Nick Gentry presents a portrait in his very own recycling-upcycling technique that consists in painting with oil on a background made of floppy disks and cd-roms

And British visual artists Zoobs continues to incorporate different cultures and their representations into breath-taking iconic images that are often themed with death, love, pain, celebration and magic. His images, verging on the surreal, are haunting and sinister yet fashionably contemporary. There is no doubt that his take on a portrait of music and fashion icon Bowie, right up Zoobs’ street, will be strikingly edgy and sensual.

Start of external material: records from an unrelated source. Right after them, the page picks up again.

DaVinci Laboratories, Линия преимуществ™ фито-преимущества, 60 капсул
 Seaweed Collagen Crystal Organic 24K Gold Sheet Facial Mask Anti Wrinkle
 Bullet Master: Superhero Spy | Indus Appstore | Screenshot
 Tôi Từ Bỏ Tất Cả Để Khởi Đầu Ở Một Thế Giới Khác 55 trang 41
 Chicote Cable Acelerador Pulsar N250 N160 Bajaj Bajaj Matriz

Eduardo Guelfendein, David Bowie

From the French scene, we are delighted to welcome Kan and Blo, from the ‘Da Mental Vaporz’ collective, as well as Hisham Echafaki and Jef Aerosol.

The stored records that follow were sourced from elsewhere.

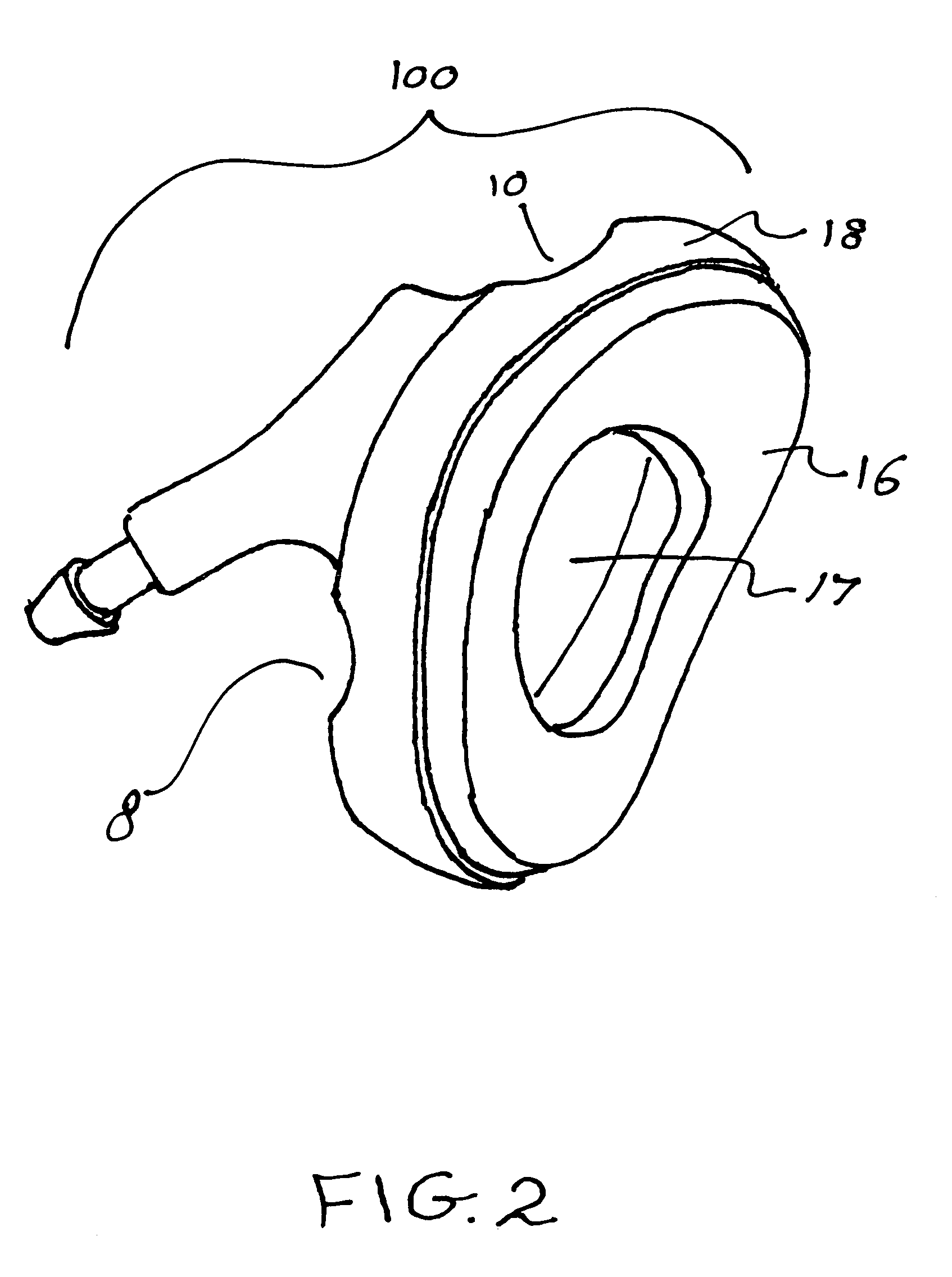 Female urinal funnel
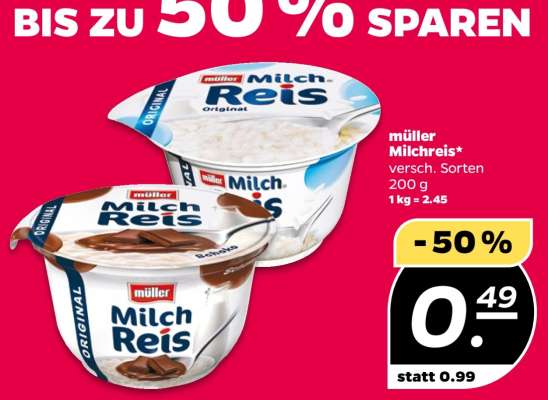 Müller Milchreis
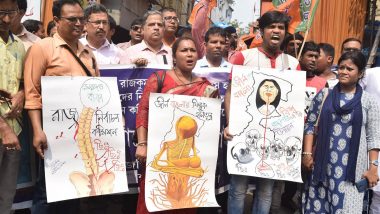 बंगाल में भाजपा की हड़ताल से जनजीवन आंशिक रूप से प्रभावित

Initially from the south of France, Kan joined the Da Mental Vaporz crew in 2000. Blo, on his side, discovered graffiti at the age of 14, inspired by the urban landscape and hip-hop culture of his childhood. Following his first personal exhibition in 2003, Blo’s work evolved towards a more contemporary approach, yet remaining firmly attached to the codes of his graffiti background. Moving to Paris in 2005, he further developed his figurative style on a variety of mediums. Integrating various techniques and influences, the art of Blo earned him respect from the graffiti community as well as recognition in the contemporary art world, allowing him to display his work in prestigious venues such as Paris’ Grand Palais in 2008.

Jef Aerosol is a main proponent of the first generation of French street artists who started working on the streets in the early 1980s. A legend himself, he will take on the challenge of paying tribute to the British legend David Bowie in the recognisable stencil and collage style that he is famous for.

Mr Brainwash, Bowie Triptych

Mr Brainwash, Bowie Triptych

From the rest of the world, the exhibition will showcase works by the infamous Los Angeles based Mr Brainwash, moniker of Paris-born Thierry Guetta who became famous thanks to Banksy’s film ‘Exit Through The Gift Shop’ and who was introduced to the London public in the summer of 2012 when he took over the Old Sorting Office to present his large-scale installations, murals and stencils largely inspired by the iconic pop culture imagery.

Canada will be represented by painter André Monet, who blends collage of old newspapers and books, and paints portraits over this specially-made background. The traits of his characters are recreated with such precision that one might see a realistic photography arising from a distance. This new technique reveals the strengths and weaknesses of individuals appearing on the canvases.

In the mixed media category, the Italian sculptor Marco Lodola, who participated in the Venice Biennale several times in the past, will illuminate the exhibition with a neon and aluminium sculpture depicting David Bowie as Aladdin – the alter ego hero of his sixth album ‘Aladdin Sane’.

Joe Black, the London genius who describes himself as an ‘image-maker’ rather than an artist, features in the exhibition as well. Famous for his portraits made out of toy soldiers, badges, Lego and other small mundane objects, he will present a portrait of David Bowie entirely made with painted test tubes, proving once again that his ingenuity and resourcefulness are endless when it comes to depicting figures that inspire or have inspired him.

Finally, the most famous Scottish contemporary sculptor, the Royal Academician David Mach, who works with postcards, coat hangers, match-heads and pin-heads to create monumental installations, sculptures and collages, will create a new piece for the purpose of this exhibition, and to render homage to one of the most beloved singers and musicians of our times.

Jean-David Malat is director of the international Opera Gallery group;

David Bowie Is, V&A 23 March to 11 August 2013
The many faces of David Bowie, Opera Gallery London 20 June to 31 August 2013. After London the exhibtion will tour in Opera Gallery venues in Hong Kong, Singapore and Seoul.